• **Data for this task**:
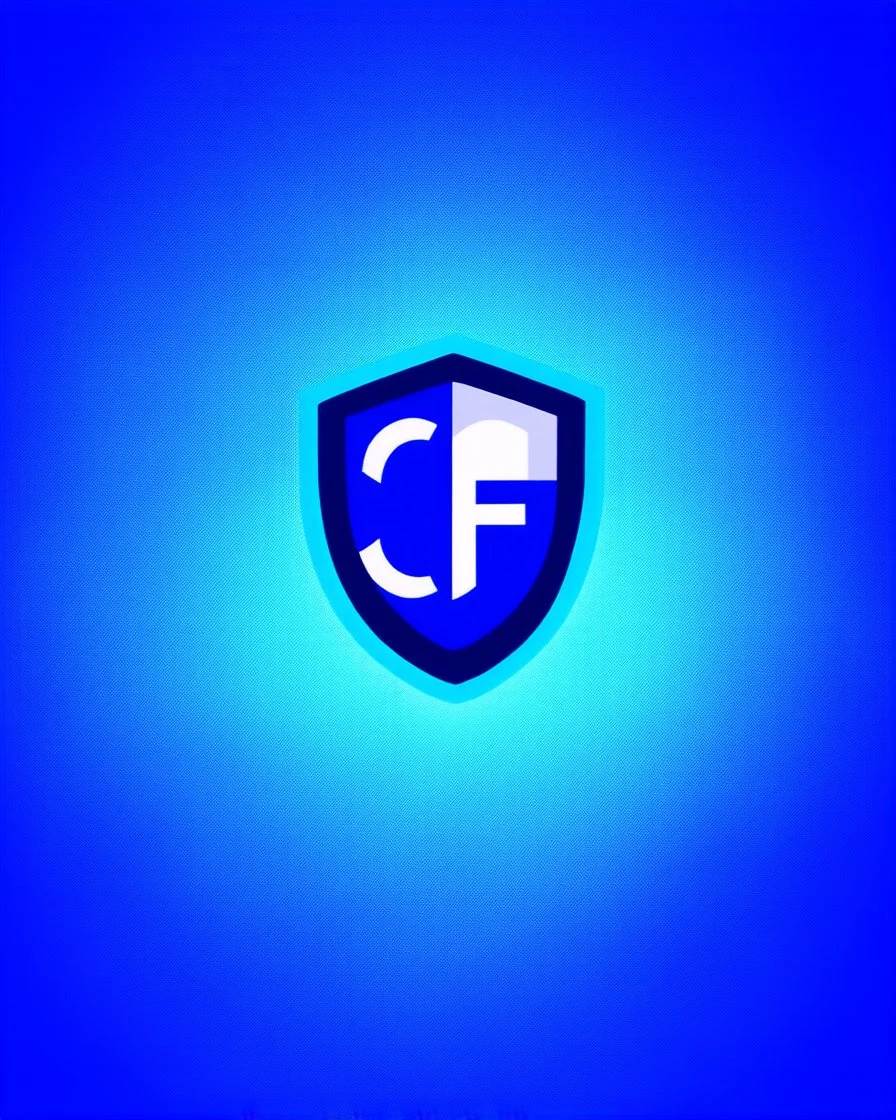 Cyber Finance (CF) shield logo Simple, easy and beautiful logo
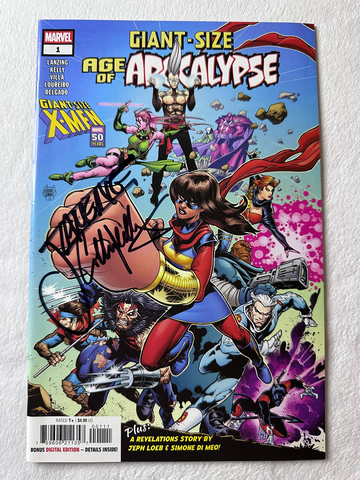Giant-Size Age of Apocalypse #1 Signed Kelly Lanzing w/ COA NM 2025 Marvel Comic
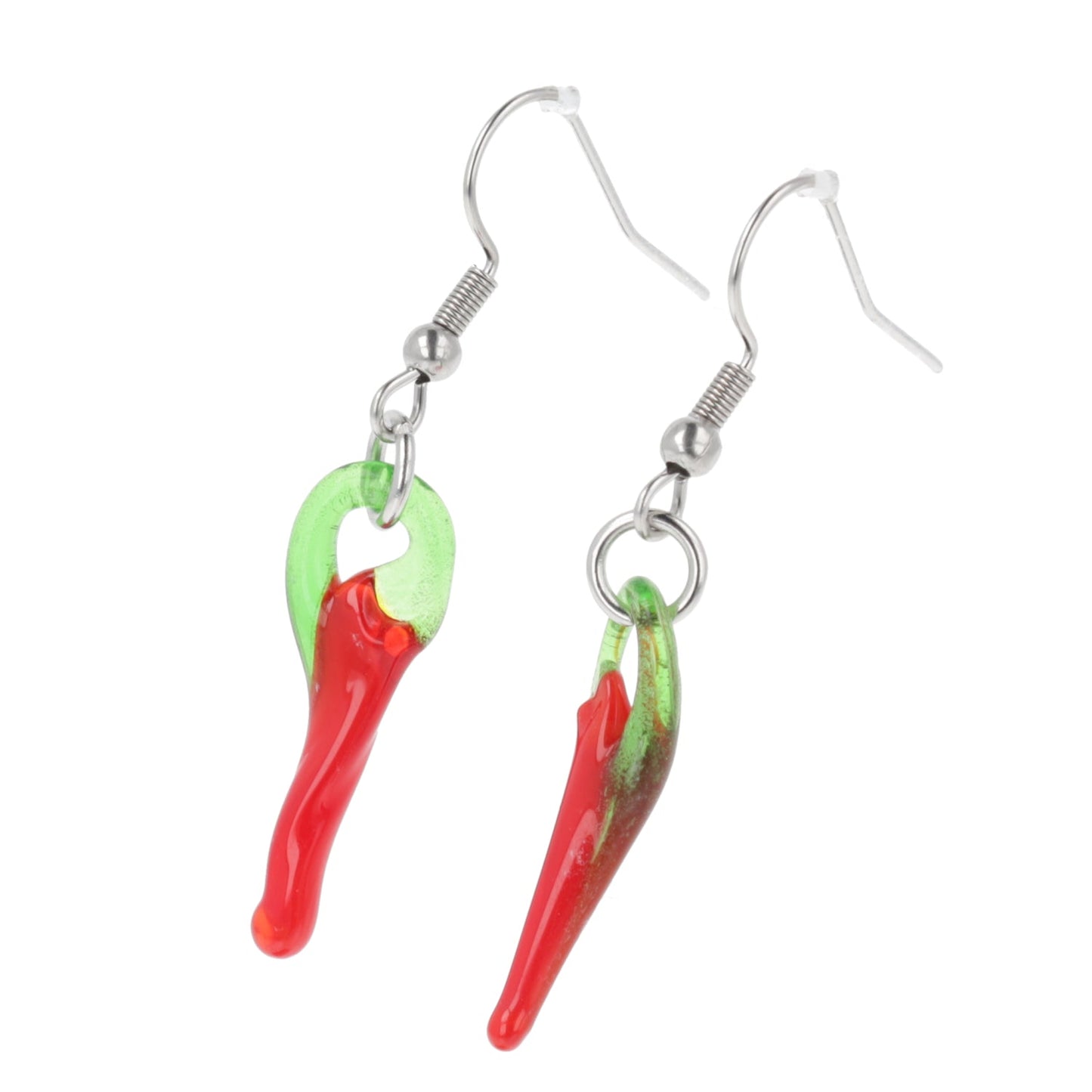 Glass Chilli Earrings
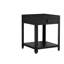 Table basse carrée à double couche carrée avec compartiment caché et verrou de sécurité à empreinte digitale, motif en marbre noir, parfaite pour les espaces de vie dans les bâtiments d'appartements, avec des matériaux confortables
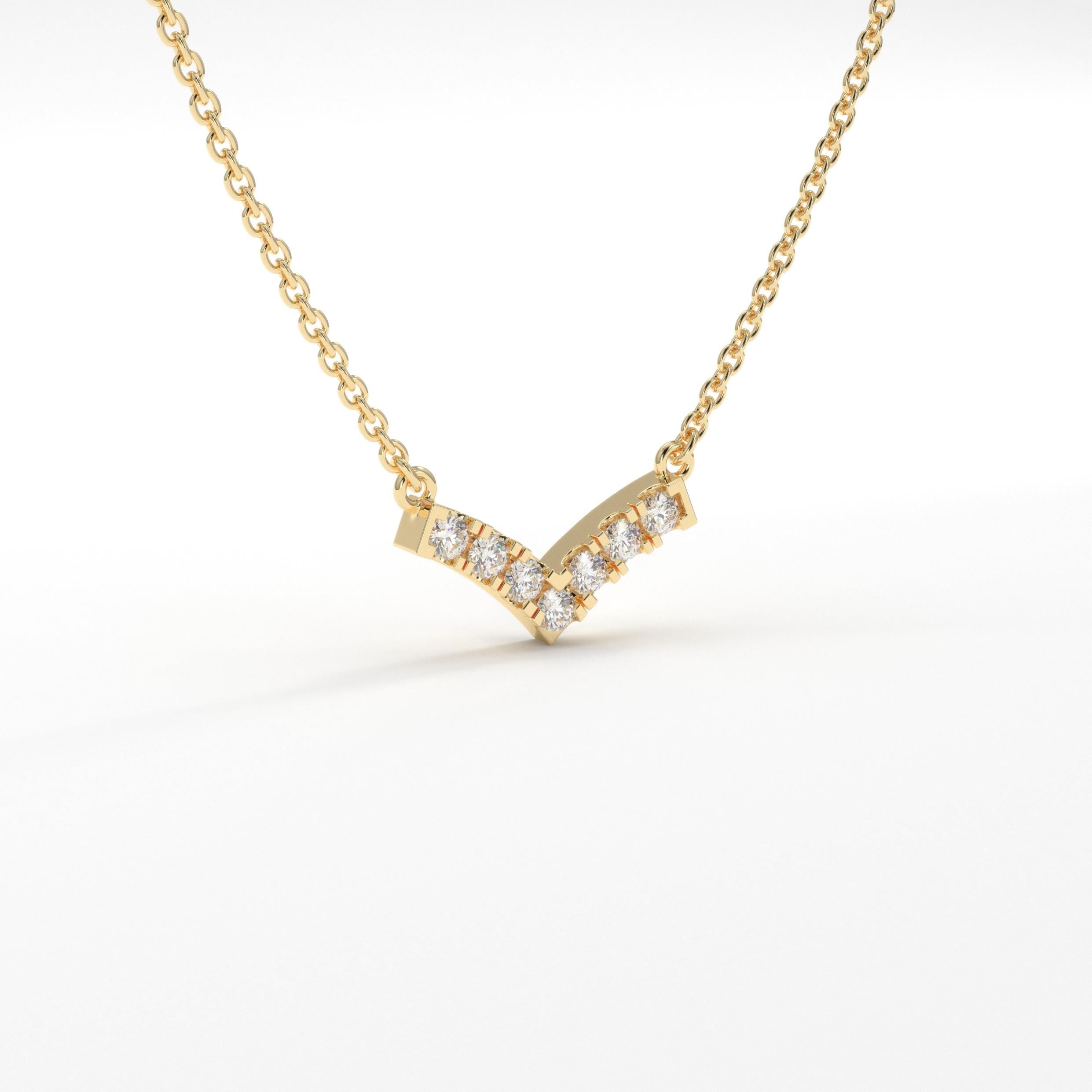 V pendant necklace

• **Work item**: All lines from the line with "Table basse carrée" through the final line of the data, both included, are to be repeated exactly; no other lines and no pictures.

• **Response below**:
 Table basse carrée à double couche carrée avec compartiment caché et verrou de sécurité à empreinte digitale, motif en marbre noir, parfaite pour les espaces de vie dans les bâtiments d'appartements, avec des matériaux confortables
 V pendant necklace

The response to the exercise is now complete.